How To Stay Fit & Healthy On The Road
When you let yourself loose on the world and opt to travel via roads, the amazing experiences you’ll have come at the cost of a steady routine. When routine is lost, our bodies can lose focus too.
Part of travelling is the feeling of freedom and not wanting to hold back with whatever we decide to do. Whether it’s eating your body weight in Italy or hiking at high altitudes in Peru, travelling will make your body go through changes, both internally and externally. With dieting, staying fit and keeping healthy firmly in the world’s spotlight, a lot more people are wondering how to stay fit and healthy on the road.
1. Remember To Eat Healthy
Hitting the road with money in our pockets can make being unhealthy too easy at times. Since we can buy whatever we want, especially whatever food we want, it’s a little too easy to spoil ourselves everyday and justify it by saying ‘we’re on holiday’... Guilty!
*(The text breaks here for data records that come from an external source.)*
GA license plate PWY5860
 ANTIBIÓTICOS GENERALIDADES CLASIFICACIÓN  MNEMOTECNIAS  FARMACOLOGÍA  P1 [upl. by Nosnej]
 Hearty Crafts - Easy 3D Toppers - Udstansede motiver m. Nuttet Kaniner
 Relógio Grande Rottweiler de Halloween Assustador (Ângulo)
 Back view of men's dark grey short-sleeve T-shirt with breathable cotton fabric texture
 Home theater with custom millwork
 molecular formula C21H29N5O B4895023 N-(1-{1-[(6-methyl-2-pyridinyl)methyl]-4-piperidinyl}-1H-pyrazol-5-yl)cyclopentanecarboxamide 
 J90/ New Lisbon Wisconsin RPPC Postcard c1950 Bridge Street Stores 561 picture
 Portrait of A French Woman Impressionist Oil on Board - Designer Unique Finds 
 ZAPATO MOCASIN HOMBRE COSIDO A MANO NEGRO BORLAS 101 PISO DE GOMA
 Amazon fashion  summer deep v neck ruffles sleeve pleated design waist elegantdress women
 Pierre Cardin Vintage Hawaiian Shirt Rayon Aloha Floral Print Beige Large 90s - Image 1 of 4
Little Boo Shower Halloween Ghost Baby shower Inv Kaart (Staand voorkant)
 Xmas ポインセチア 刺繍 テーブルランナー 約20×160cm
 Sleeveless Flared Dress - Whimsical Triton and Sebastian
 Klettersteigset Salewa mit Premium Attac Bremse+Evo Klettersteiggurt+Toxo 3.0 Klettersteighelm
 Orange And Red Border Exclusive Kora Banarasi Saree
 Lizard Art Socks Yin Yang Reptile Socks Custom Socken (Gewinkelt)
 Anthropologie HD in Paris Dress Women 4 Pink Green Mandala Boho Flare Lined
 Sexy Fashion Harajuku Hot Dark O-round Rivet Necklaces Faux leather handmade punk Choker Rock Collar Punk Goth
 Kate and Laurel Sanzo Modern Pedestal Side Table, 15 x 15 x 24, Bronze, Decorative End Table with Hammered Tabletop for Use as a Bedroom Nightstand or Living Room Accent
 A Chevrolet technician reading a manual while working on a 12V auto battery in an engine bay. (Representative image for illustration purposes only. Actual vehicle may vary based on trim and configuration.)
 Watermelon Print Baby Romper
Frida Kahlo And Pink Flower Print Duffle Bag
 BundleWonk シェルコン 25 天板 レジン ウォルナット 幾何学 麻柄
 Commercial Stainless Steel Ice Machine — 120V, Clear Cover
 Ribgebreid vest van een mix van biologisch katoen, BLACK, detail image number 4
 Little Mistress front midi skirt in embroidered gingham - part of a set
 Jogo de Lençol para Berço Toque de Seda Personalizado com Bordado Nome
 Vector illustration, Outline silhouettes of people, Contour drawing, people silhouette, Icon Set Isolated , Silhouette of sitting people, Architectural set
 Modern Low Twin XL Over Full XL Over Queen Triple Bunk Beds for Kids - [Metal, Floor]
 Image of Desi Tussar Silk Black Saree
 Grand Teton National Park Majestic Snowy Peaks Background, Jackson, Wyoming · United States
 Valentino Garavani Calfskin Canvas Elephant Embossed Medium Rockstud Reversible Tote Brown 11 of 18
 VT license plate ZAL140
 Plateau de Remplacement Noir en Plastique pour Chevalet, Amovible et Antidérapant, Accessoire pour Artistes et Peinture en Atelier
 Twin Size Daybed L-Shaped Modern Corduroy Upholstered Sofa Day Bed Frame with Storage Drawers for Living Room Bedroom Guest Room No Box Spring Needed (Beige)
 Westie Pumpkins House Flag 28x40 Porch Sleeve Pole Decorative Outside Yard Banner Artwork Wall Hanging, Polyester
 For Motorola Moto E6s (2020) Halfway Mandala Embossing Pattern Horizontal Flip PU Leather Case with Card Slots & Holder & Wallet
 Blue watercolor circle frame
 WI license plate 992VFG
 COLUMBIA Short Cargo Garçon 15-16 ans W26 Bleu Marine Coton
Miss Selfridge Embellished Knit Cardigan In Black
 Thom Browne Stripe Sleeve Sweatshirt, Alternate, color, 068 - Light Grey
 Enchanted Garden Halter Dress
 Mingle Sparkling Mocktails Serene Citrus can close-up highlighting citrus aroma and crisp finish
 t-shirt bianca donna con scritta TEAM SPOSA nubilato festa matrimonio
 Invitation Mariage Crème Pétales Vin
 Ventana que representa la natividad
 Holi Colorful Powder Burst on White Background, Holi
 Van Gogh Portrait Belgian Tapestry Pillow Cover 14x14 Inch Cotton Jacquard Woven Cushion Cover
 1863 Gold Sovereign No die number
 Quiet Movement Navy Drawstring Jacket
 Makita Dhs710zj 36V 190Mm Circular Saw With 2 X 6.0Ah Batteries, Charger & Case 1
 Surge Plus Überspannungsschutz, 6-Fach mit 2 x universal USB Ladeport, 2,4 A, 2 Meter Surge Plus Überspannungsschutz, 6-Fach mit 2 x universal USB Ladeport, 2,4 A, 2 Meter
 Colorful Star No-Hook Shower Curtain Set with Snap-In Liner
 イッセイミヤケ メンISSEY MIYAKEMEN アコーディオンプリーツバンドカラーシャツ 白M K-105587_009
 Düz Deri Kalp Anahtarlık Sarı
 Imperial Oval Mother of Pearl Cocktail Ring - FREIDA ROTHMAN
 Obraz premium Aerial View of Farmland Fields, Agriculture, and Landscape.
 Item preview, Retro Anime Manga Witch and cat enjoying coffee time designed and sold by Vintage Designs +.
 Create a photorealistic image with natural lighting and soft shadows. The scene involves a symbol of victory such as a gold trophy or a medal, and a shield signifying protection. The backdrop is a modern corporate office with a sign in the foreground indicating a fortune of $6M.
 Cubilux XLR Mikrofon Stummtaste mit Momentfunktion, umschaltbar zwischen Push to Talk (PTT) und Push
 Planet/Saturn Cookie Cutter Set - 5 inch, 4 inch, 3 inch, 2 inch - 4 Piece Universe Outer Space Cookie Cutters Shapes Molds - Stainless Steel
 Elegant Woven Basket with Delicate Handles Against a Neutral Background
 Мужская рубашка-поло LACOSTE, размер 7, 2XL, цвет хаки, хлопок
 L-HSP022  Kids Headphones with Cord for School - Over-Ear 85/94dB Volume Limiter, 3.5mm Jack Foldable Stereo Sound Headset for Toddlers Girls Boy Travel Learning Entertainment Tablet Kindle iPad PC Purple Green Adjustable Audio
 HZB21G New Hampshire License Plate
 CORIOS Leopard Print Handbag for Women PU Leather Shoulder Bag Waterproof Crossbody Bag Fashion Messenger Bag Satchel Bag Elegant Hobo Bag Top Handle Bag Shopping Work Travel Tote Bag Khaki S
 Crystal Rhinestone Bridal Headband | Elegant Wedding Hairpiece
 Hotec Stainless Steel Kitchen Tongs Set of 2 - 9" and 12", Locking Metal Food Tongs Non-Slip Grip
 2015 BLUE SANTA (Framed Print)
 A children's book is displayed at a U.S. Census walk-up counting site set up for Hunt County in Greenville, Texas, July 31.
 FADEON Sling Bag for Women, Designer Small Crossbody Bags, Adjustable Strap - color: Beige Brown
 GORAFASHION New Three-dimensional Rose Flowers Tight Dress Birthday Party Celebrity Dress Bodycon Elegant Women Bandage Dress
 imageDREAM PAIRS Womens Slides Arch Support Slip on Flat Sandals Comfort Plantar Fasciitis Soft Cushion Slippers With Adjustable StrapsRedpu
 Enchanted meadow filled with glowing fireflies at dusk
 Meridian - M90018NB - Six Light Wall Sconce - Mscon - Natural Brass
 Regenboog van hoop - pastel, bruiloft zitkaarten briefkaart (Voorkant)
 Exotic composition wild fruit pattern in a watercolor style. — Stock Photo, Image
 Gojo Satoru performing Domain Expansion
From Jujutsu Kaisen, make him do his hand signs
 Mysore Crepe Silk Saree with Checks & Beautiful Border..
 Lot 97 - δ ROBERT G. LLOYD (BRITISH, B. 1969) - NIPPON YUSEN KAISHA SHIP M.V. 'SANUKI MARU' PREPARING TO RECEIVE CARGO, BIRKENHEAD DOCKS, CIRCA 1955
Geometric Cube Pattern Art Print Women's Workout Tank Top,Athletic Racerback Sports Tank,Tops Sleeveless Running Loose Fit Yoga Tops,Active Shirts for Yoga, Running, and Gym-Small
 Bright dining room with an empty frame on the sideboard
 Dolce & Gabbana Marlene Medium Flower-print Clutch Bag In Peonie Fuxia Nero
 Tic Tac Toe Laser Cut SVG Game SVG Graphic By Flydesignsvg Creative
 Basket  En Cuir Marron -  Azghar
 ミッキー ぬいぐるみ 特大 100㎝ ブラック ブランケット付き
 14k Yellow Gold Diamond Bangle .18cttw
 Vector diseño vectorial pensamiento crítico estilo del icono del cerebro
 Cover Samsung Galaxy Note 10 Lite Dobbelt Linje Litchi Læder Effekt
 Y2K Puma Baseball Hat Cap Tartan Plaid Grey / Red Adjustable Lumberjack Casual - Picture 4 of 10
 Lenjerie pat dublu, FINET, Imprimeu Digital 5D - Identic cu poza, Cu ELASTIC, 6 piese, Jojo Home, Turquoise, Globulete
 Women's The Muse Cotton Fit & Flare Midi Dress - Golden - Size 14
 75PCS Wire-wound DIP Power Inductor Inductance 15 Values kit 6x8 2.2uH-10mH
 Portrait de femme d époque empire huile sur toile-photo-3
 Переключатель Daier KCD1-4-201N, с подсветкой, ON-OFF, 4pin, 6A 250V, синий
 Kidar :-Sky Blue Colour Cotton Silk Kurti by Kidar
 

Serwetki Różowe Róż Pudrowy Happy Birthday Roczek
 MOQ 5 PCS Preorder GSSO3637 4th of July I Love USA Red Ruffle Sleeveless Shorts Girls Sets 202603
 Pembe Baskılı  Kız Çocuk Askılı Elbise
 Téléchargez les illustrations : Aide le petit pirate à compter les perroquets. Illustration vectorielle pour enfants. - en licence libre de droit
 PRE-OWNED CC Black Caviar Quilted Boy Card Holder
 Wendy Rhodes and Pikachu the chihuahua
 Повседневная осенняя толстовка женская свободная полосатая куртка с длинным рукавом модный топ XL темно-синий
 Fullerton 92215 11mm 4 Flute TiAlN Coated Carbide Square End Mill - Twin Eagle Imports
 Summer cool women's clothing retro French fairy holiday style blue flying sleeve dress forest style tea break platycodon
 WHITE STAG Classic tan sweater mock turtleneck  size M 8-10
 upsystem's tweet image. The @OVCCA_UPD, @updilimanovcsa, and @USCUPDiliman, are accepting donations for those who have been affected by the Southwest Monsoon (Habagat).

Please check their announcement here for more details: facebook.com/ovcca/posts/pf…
It’s definitely important to get into the local culture and cuisine, however if you're wanting to eat moderately healthy, try and find opportunities to eat vegetables, even if they’re not the kind you’re used to seeing at home. It sounds rather lame, but for you to be on top of your game mentally and physically, it’s essential to give your body what it needs. If you’re always on the go and don’t have the time or opportunity to plan your meals, look for healthy snacks, from organic juices or replacing your side of deep fried chips with something a little more green. This will help your body stay on track.
2. Exercise Through Excursions
Some of you may love the gym and some of you may hate it. When the word exercise is uttered, we often associate it with lifting weights or jogging on the treadmill. If you’re visiting a large city, or staying in a hotel, you might have access to a local gym. For everyone else, it’s important to find ways to stay active and work off those food comas.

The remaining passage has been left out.